Full article at:
http://news.yahoo.com/u-firms-paid-more-ceos-taxes-study-040551766.html
WASHINGTON (Reuters) - Twenty-five of the 100 highest paid U.S. CEOs
earned more last year than their companies paid in federal income tax, a
pay study by a Washington think tank said on Wednesday.
At a time when lawmakers are facing tough choices in a quest to slash
the national debt, the Institute for Policy Studies, a left-leaning
group, said it also found many of the companies spent more on lobbying
than they did on taxes.
The senior Democrat on the House of Representatives oversight committee,
Elijah Cummings, called for hearings on executive compensation "to
examine the extent to which the problems in CEO compensation that led to
the economic crisis continue to exist today."
Several companies mentioned in the report took issue with its
methodology and said they paid all taxes owed.
General Electric spokesman Andrew Williams called the study "inaccurate"
and noted it did not include significant income taxes paid in 2010 for
previous years, or state taxes paid. "GE pays what it owes," he wrote in
an e-mail response to questions.
Boeing spokesman Chaz Bickers said the study is "simply wrong".

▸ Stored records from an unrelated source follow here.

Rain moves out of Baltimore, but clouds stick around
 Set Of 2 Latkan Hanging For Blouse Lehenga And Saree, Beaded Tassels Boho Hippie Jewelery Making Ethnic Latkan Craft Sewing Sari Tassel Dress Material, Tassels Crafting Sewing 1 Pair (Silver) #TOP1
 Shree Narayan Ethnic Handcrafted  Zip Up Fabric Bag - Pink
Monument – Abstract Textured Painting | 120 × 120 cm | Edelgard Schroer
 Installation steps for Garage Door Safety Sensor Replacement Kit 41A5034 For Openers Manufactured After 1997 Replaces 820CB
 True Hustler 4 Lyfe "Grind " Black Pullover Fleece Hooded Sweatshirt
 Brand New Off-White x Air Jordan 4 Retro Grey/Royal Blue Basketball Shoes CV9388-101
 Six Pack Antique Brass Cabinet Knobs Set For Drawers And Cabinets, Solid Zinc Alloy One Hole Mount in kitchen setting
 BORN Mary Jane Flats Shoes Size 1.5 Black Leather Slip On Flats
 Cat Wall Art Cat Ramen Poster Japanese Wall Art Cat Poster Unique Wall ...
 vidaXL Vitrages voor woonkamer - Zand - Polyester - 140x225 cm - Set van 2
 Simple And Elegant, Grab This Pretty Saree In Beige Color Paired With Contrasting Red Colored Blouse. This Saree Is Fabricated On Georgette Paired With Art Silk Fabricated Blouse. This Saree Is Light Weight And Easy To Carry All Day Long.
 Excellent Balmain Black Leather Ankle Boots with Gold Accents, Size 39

Instead of Boeing's reported "U.S. federal current tax expense" of $13
million which the IPS used, he said a better approximation of the
company's taxes paid would be the $360 million it reported as its net
income tax payments, most of which, he says, was federal....
...$16.7 MILLION AVERAGE
Compensation for the 25 CEOs with pay surpassing corporate taxes
averaged $16.7 million, according to the study, compared to a $10.8
million average for S&P 500 CEOs. Among the companies topping the IPS list:
* eBay whose CEO John Donahoe made $12.4 million, but which reported a
$131 million refund on its 2010 current U.S. taxes.
* Boeing, which paid CEO Jim McNerney $13.8 million, sent in $13 million
in federal income taxes, and spent $20.8 million on lobbying and
campaign spending
* General Electric where CEO Jeff Immelt earned $15.2 million in 2010,
while the company got a $3.3 billion federal refund and invested $41.8
million in its own lobbying and political campaigns.
Though the companies come from different industries, their tax breaks
fall into two primary areas.
Two-thirds of the firms studied kept their taxes low by utilizing
offshore subsidiaries in tax havens such as Bermuda, Singapore and
Luxembourg. The remaining companies benefited from accelerated depreciation.
Shareholders have responded favorably when companies in which they
invest keep a tax bill low through legal methods, thereby benefiting
earnings. But Chuck Collins, an IPS senior scholar and co-author of the
report, said that is a mistake.
"I think it's an exposure of weakness in a company if their
profitability is dependent on their accounting department and not on
making better widgets," he said.
In prior reports, Collins said, out-sized CEO pay was often a red flag
of bigger problems to come. The IPS has been putting a pay report
together for 18 years. Among those whose leaders have made the high pay
list in years past, only to have their businesses falter: Tyco, Enron
and WorldCom.
(Reporting by Nanette Byrnes; Editing by Howard Goller, Todd Eastham and
Jackie Frank)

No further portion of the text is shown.